Freitag, 25. Januar 2013

Time traveling: When ORM reaches its limits

Relational databases are a proven technology. In many organizations they are the only platform that is even considered. They are reliable, they are well understood, there are enough people able to maintain them. Reporting tools love tabular data, developers love their concurrency guarantees. But there are use cases where the relational model and ORM just hit the wall.

One such use case is auditing. When something went wrong in a mission critical application, you need to know why. Problems are often caused by wrong configuration, so you need a trail of changes for every critical entity. E.g. in a financial batch process a misconfigured bank identifier can lead to millions of dollars being sent to the wrong place. In many cases you don't just want to see a long trail of changes, but you want to be able to travel back in time and see how an entity looked as a whole. 

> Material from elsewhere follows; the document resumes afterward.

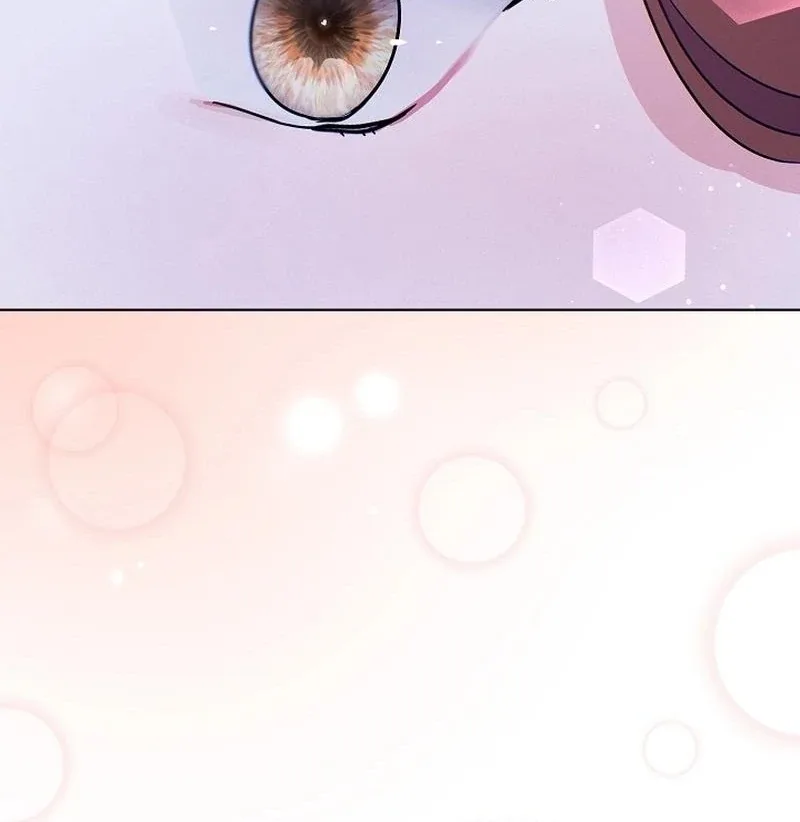 The Purpose of Marriage Chapter 22 page 125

This requirement leads to the term "entity versioning" or "temporal database design". In the simplest case (a table without any relations), you can add a "validFrom" and "validTo" timestamp to the table. Getting the current version is then done with a max-query. This can be made more convenient using a "versions" table and a "current version" view. A stored procedure converts updates to the view to inserts into the version table. Deletes are just a special case of update, too. 
But in realistic scenarios, your tables will have relations. Saving and querying a consistent view of such an aggregate leads to SQL that makes normal Hibernate look like "Hello World". Have a look at the implementation of Hibernate Envers if you want to know exactly what I mean. Also, performing migrations on such monstrous schemas is anything but fun.

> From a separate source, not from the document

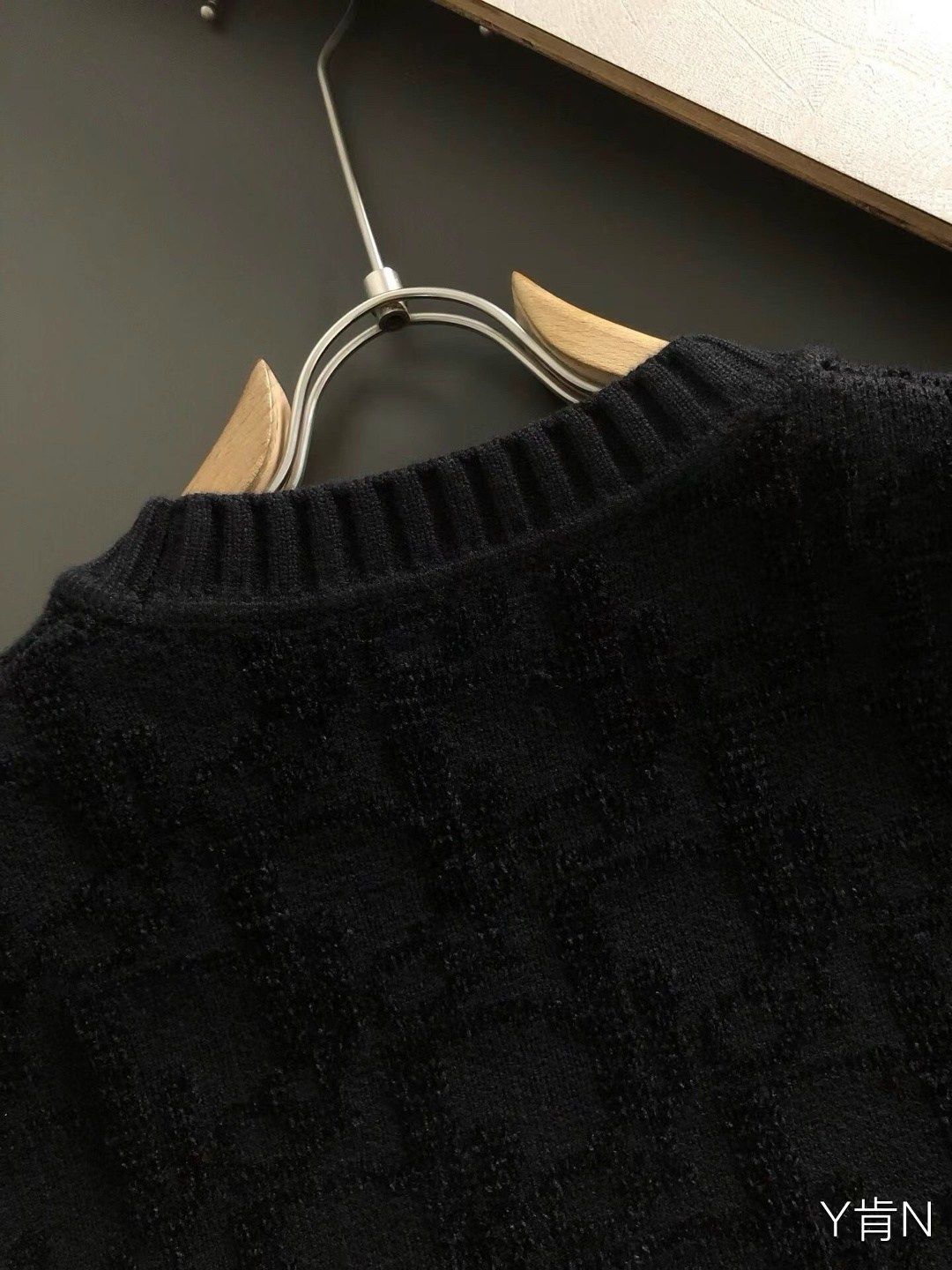 свитеры мужские,модные свитера,свитер пуловер,свитер от,универсальный свитер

So, when a relational database is not suited for this task, what kind of persistence mechanism is? I think that Event Sourcing really shines here. The basic idea is the following: We already have a "BankIdentifierChanged" event anyway, so why not persist it? And instead of using ORM, we save the whole state of our Account entity as a series of events. Updating is done by adding events to the event store. Reading is done by selecting all events with a given entity ID up to the desired date and instantiating our Account from the resulting event list. Instead of setters and getters our Account entity now has methods that take events and change the internal state accordingly.

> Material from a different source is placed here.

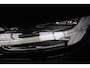 Volvo V60 2.0 T6 AWD 310PK! Inscription, Panoramadak, Leer,ACC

I guess the reason that this pattern is not more widespread is the general fear to let go off the relational model. There are good reasons for this fear, I described them at the start of this article. But stretching the relational model too far can be a greater risk than trying another, more fitting technology. You dont' have to go all-out on event sourcing either. If you have proper abstraction layers in place, you can use a mix of ORM, event sourcing and other technologies depending on the use case.